For your situation, I would also go down the route of sealants for your LSP & wheels too.

Hope that helps.


----------



## tangledmonkey (Apr 9, 2012)

I've just got some AF Satin which I'm going to use tomorrow. I'll let you know what it's like


----------



## bildo (Mar 29, 2008)

Tips said:


> T1 sounds like your best bet - it's a syrupy clear liquid (similar to baby oil in consistency) and you apply a blob/squirt on a tyre applicator.
> 
> It dries quickly with one coat giving you a lovely satin finish, you can add more coats for additional gloss levels, but this takes longer to dry and adds to the tackiness which you want to avoid.
> 
> ...


Big help, thanks.

Have often heard that sealants are my best bet due to the anti-static properties. I am intending to use Ceramishield soon, but have heard it's not too easy to remove, since I've got a couple of rusts spots (the car was in Scotland before, poor thing) and the car is still under warranty with BMW I'm hoping to get them sorted first. Hopefully this way they'll make less of a meal of it since they won't have such a serious level of protection to overcome first.

Using PP W&S at the moment (you'll be glad to hear! ) but intending to Ceramishield them when the time comes too.


----------



## Tips (Mar 27, 2011)

I've got a black metallic finish and the carnauba waxes look stunning - but one rain pour later and there's rain spots, pollen, dust stuck everywhere.

With sealants, you still get the dust & pollen etc, but they sit on top rather than stick to the wax.

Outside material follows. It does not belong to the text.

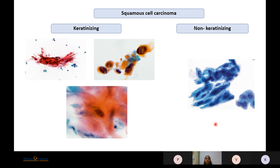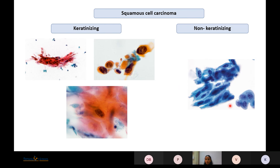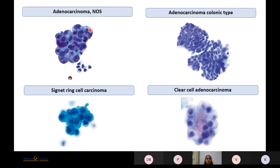Non-urothelial tumors include squamous cell carcinoma, showing keratinized cells with atypical nuclei having irregularly clumped chromatin and nucleomegaly; anucleate squamous cells indicate keratinizing squamous cell carcinoma. Non-keratinized squamous cell carcinoma shows basophilic cytoplasm with slightly angulated hyperchromatic nuclei. Adenocarcinoma presents as clusters of cells with eccentrically placed nuclei and a single cytoplasmic vacuole; subtypes include colonic type, signet ring type, and clear cell adenocarcinoma showing hobnail cells with a centrally placed nucleus and prominent nucleoli.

The UV block, +6 months durability with sealant, + 2 years with ceramic sealant, easier cleaning, self cleaning abilities - I've had bird poo disappear after an overnight shower are worth it imho.

I'd get the rust sorted first, but ceramic sealants are the way forward, and lots to choose from these days like C1+, Ceramishield, Carpro Cquartz, Nanolex Paint Sealant, Max Protect. Most of these products have top up sealants to add extra gloss & hydrophobicity like C1.5 Silo seal, CarPro Reload, CCC Liquidshield, Max Protect Silk Coat etc.

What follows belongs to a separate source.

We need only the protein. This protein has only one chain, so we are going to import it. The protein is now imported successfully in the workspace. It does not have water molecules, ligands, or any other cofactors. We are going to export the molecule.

If you still enjoy wax application then Dodo SN Hybrid is a good compromise, end of the day there's nothing to stop you applying a sacrificial layer of good quality wax on top of your sealant. I find the sealants to look cold and glassy, wax is warm and glossy.

Good luck with your choices, and I hope my advice helps in any way :thumb:


----------



## bildo (Mar 29, 2008)

Tips said:


> I've got a black metallic finish and the carnauba waxes look stunning - but one rain pour later and there's rain spots, pollen, dust stuck everywhere.
> 
> With sealants, you still get the dust & pollen etc, but they sit on top rather than stick to the wax. The UV block, +6 months durability with sealant, + 2 years with ceramic sealant, easier cleaning, self cleaning abilities - I've had bird poo disappear after an overnight shower are worth it imho.
> 
> ...


Good to see there's a knowledgeable person behind the gif's! 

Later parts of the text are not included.